Las políticas y acciones conjuntas e individuales de Donald Trump y Benjamín Netanyahu, particularmente a partir de 2025, representan un impacto significativo y mayoritariamente negativo en los esfuerzos globales contra el cambio climático. Este enfoque se caracteriza por el fomento de los combustibles fósiles, la desregulación ambiental y el escepticismo ante la ciencia climática.
Impacto de la Administración Trump (2025 en adelante):
- Guerra contra la Ciencia y Regulación: La administración Trump ha impulsado el mayor retroceso ambiental en la historia reciente de EE.UU., revocando el "hallazgo de peligro" de la EPA de 2009, que era la base científica y legal para regular los gases de efecto invernadero.
- Impulso a Fósiles: Bajo el lema "taladra, nena, taladra" (drill, baby, drill), se fomenta la producción de petróleo y gas, revirtiendo normas sobre vehículos limpios.
- Emisiones Adicionales: Se estima que estas políticas podrían añadir hasta 18,000 millones de toneladas métricas de emisiones de CO2 para 2055
- Desmantelamiento Científico: Se han congelado fondos para investigación, despedido a científicos y cerrado observatorios climáticos.
- Retirada del Acuerdo de París: Se ha confirmado la intención de retirar a EE.UU. del Acuerdo de París sobre el cambio climático.
- Freno a la Cooperación Regional: El gobierno de Netanyahu ha ralentizado las relaciones de cooperación ambiental con vecinos árabes en la región, limitando iniciativas conjuntas de sostenibilidad.
- Enfoque en Seguridad sobre Clima: A pesar de tener tecnologías limpias, el gobierno israelí ha priorizado la producción de gas natural y ha reducido el ritmo de transición a energías renovables, necesario para la sostenibilidad.
- Conflictos de Gestión: Se han reportado deficiencias en la gestión de residuos y quema agrícola descontrolada en Cisjordania, exacerbando la contaminación local.
- Divergencia en el Acuerdo de París: A pesar de la alianza, funcionarios israelíes han expresado que sería "mejor" que EE.UU. permanezca en el Acuerdo de París.
- La combinación de un EE.UU. que abandona las regulaciones climáticas y un Oriente Medio con cooperación ambiental limitada crea un escenario donde la dependencia de combustibles fósiles se fortalece.

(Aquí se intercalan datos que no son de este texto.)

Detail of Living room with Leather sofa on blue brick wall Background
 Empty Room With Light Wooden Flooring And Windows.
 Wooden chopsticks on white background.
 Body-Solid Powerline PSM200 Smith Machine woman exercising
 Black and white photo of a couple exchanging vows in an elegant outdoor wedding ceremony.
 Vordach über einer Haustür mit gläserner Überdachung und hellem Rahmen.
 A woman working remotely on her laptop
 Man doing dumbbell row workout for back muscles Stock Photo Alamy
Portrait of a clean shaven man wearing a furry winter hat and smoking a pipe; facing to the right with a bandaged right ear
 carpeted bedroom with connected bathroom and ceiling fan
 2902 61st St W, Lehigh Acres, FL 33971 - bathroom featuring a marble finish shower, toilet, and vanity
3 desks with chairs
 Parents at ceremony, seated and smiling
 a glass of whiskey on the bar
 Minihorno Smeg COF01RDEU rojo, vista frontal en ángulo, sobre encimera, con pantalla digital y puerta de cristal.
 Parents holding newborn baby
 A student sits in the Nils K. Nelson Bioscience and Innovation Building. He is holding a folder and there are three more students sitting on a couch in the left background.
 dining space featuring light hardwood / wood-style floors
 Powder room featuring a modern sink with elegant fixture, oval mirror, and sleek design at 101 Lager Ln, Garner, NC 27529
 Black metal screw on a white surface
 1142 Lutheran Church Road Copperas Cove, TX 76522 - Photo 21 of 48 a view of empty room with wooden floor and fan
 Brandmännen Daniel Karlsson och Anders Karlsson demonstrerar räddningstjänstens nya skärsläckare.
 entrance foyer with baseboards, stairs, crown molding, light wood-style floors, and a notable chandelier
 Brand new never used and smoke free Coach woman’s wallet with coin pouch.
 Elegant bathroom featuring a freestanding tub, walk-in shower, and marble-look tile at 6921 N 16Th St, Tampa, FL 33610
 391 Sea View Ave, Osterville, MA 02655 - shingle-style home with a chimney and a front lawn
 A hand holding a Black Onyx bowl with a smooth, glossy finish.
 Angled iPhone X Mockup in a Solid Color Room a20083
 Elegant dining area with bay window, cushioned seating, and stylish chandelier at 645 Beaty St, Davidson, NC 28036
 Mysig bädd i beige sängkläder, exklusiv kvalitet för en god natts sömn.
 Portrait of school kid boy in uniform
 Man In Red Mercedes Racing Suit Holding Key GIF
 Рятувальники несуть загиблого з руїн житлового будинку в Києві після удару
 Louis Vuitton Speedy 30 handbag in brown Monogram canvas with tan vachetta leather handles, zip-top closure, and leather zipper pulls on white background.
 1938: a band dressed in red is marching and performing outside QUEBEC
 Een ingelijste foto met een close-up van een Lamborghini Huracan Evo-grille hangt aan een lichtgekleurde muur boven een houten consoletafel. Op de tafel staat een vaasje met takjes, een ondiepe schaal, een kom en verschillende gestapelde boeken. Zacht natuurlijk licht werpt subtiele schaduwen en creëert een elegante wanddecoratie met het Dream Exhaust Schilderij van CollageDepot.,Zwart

- Se percibe un debilitamiento de la cooperación internacional necesaria para la transición energética, aumentando el riesgo económico y de desastres climáticos a nivel mundial.
Impacto del Gobierno de Netanyahu y la Alianza con Trump:
Impacto Global Conjunto:
En resumen, las políticas de Trump y Netanyahu priorizan la expansión de la industria energética fósil y la desregulación, lo que, según los resultados de búsqueda, aumenta el riesgo de no cumplir con los objetivos climáticos globales y empeora la crisis climática.